ARNA TI con MUSEOCITY 2024: UN VIAGGIO VERSO UN MONDO LONTANO
26 febbraio 2024
40 anni di Arna TI: la nascita e le caratteristiche dell’Alfa Romeo più internazionale di sempre. Grazie alla collaborazione con Profumo di Alfa e il tocco di Davide da Fidel
Che cosa significa, per te, “lontano”?
Lontano nel tempo, lontano nello spazio, culturalmente lontano: la distanza può manifestarsi in tantissimi modi diversi. E se, per qualche giorno, provassimo a portare in casa nostra questo “lontano”? Potremmo scoprire, ad esempio, che in fondo tutto è più vicino di quello che sembra.
Arna è stata un’automobile controversa, lontana dal gusto e dalle logiche Alfa Romeo. Oggi è ancora più lontana nel tempo (è del 1983) e nello spazio (è nata in collaborazione con la giapponese Nissan), ma proprio per questo abbiamo deciso di renderla protagonista dell’edizione 2024 di MuseoCity, il cui tema è “Mondi a Milano”.
Perché vogliamo avvicinarci a lei, sicuri che ancora una volta saprà stupirci. E magari dissipare qualche pregiudizio!
Puoi avvicinarti anche tu ad Arna (non morde, al massimo romba) durante l’apertura speciale del 3 marzo alle ore 15.00.
L’obiettivo di MuseoCity per questa edizione è il seguente: evidenziare la propria apertura verso l’esterno e gli altri, la sensibilità alle nuove influenze culturali, e raccontare le storie, gli spazi, i tempi e i luoghi in cui avvengono gli scambi di idee, progetti e culture.
Se vuoi scoprire in anteprima tutte le caratteristiche di Arna, ti lasciamo di seguito l’articolo piubblicato nel n.13 della rivista Profumo di Alfa. Un grazie, come sempre, va al direttore Mario Fontana per questo approfondimento sulla nostra Arna TI che compie i sui primi 40 anni.
Prima però ricordati di iscriverti all’evento cliccando nel box rosso qui sotto.
Ecco il programma:
15.00 – 15.15 accoglienza e registrazione ospiti
15.15 benvenuto di Elisabetta Cozzi e visita guidata al museo
Inizio conferenza Arna TI
Introduzione con i racconti di Davide da Fidel, attore che modererà l’incontro insieme al direttore di Profumo di Alfa Mario Fontana
Ore 15.45 – Arna e i concessionari Alfa Romeo: il lancio, le tecniche di vendita – Testimonianza di Elisabetta Cozzi
Ore 16.00 – E in Giappone cosa dicono? Yuko Nugochi e Mario Fontana raccontano la storia di Oka Shigemitsu.
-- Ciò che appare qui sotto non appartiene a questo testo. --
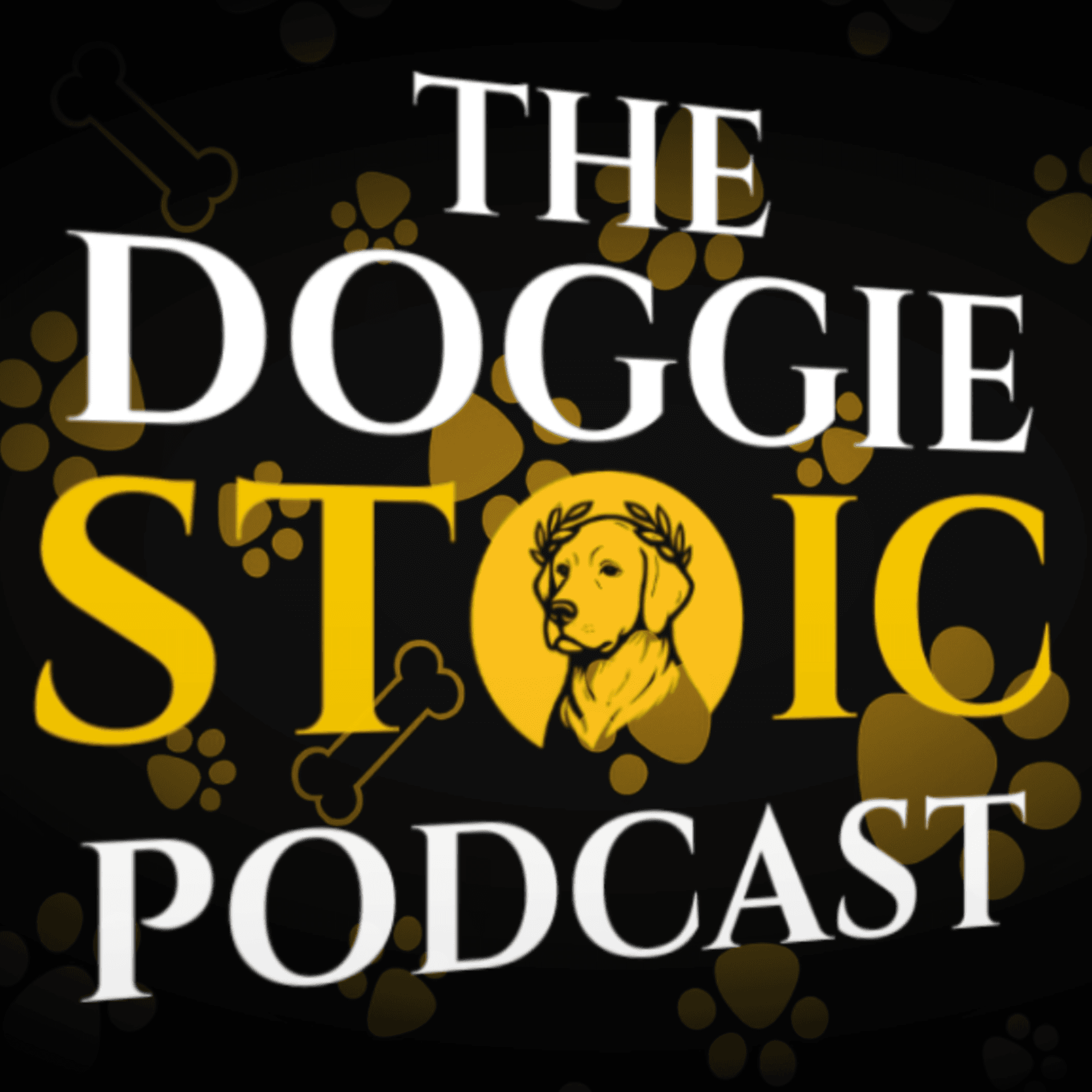 Doggie Stoic cover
Ore 16.10 – Matteo Licata: Arna e Arna TI, la parola allo storico.
Ore 16.30 –Axel Marx e Arna Jubilé, la versione Svizzera.
Ore 16.40 –Clay Regazzoni e l’Arna. Il racconto di Alessia Regazzoni, Giacomo Tansini e Luca Tombolini
Ore 17.15 – William Jonathan – Arna: il brutto anatroccolo
17.30 conclusione di Davide Da Fidel e Mario Fontana
Vorresti partecipare all'evento? iscriviti!
E’ un grande onore per noi aver avuto il Patrocinio del Consolato Generale del Giappone a Milano.
Arigato gozaimasu!
Ecco di seguito l’articolo di Mario Fontana sull’Arna TI.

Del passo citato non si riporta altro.